Compared to published studies (Toth et al. 2019; Wallentin et al. 2021; Jiang et al. 2021; Chai et al. 2021; Zhang et al. 2022b, a; Hu et al. 2022), our framework has the advantage of considering multiple machine learning-based methods. We proposed that immune-related and prognostic lncRNAs have a great potential to predict the survival of colon cancer patients based on the linear regression model. The feature selection process is achieved by combing four machine learning methods, keeping prognosis-related lncRNAs, and selecting the optimal combination of lncRNAs from 4095 combinations using GMM. We provided a nomogram with the maximum performance and minimum cost. This framework is very helpful for distinguishing patients into two groups and gives different treatment strategies not only for colon cancer but also can be used for other cancers. However, this study also has some limitations. First of all, this study is a retrospective experiment. Second, the mechanism of DANCR is not fully explained in the previous research. Further experiments should be conducted to validate our model.
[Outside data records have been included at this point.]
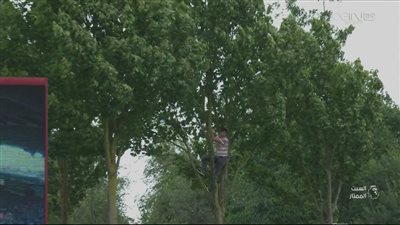 مشجع يتسلق شجرة بملعب بريطانيا لمشاهدة مباراة ستوك ومانشستر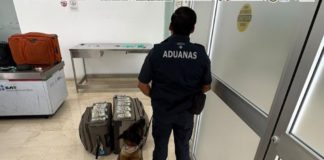 Aseguran más de 365 mil dólares en Aeropuerto Internacional de Oaxaca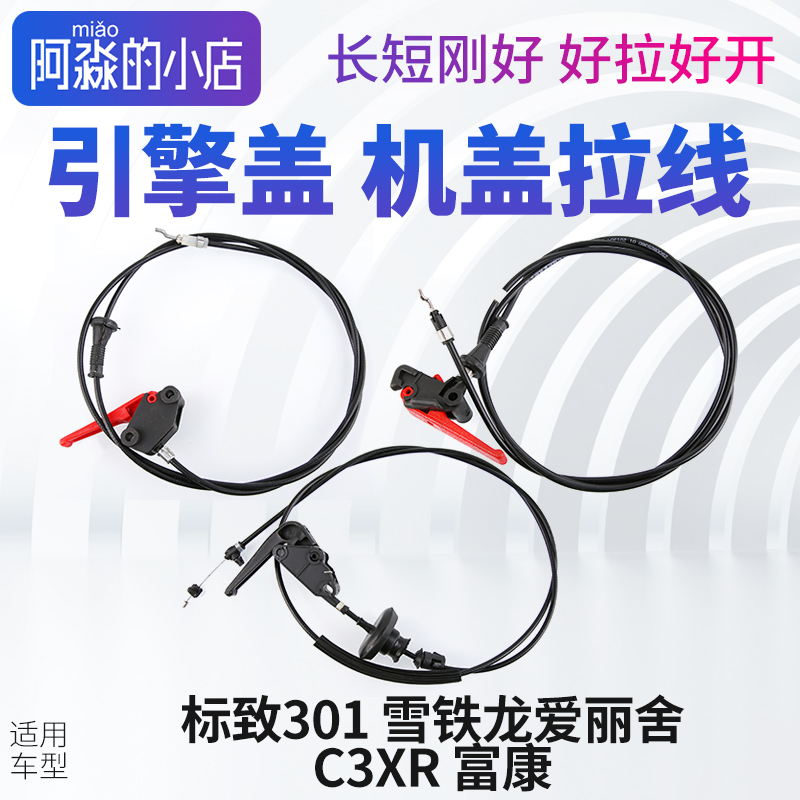 标志301爱丽舍C3XR富康机盖拉线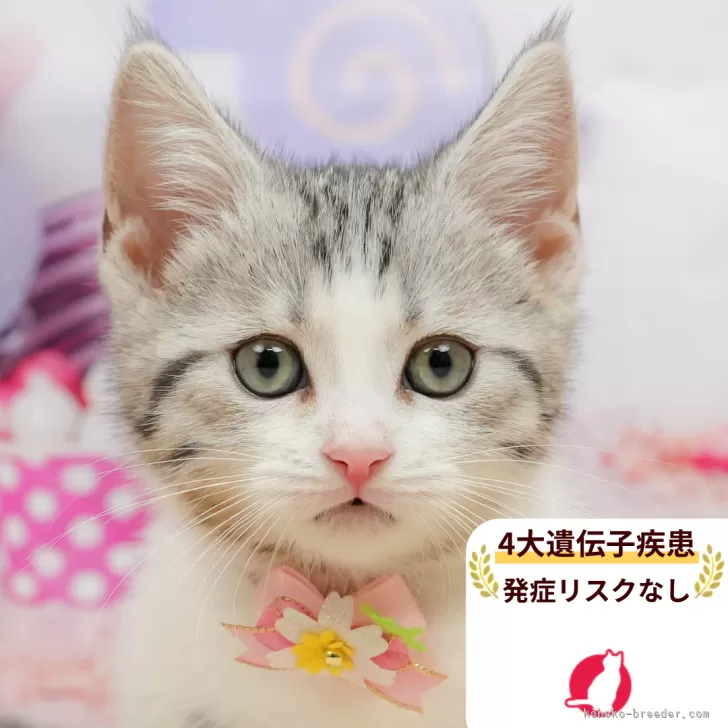 ID：2603-01844の子猫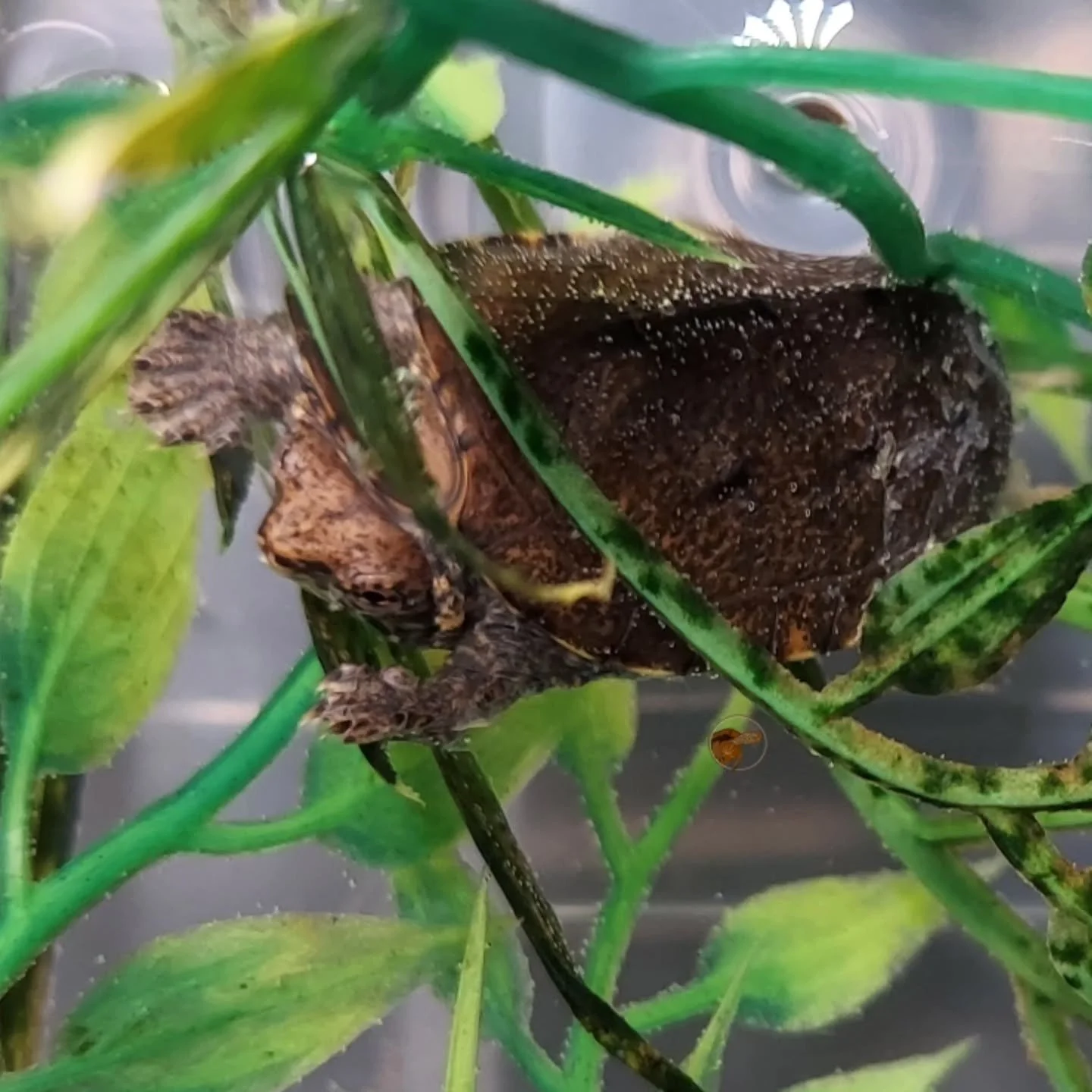 First hatchling of 2026, a teeny Tabasco mud turtle. Love the color around the eyes on this little one.

#shelledfriends #turtlesforever #turtlesofinstagram #babyturtle #mudturtle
In conclusion, we give an immune-related and prognostic lncRNA signature by combining transcriptome data and clinical data. This signature can be validated by ROC, tROC, C-index, independent dataset, and literature. It has a good potential to predict the outcome of colon cancer patients. Applying this model to colon cancer patients, we can discover that the tumor immune microenvironment is different between low- and high-risk score groups, which is beneficial for immunotherapy and precision medicine.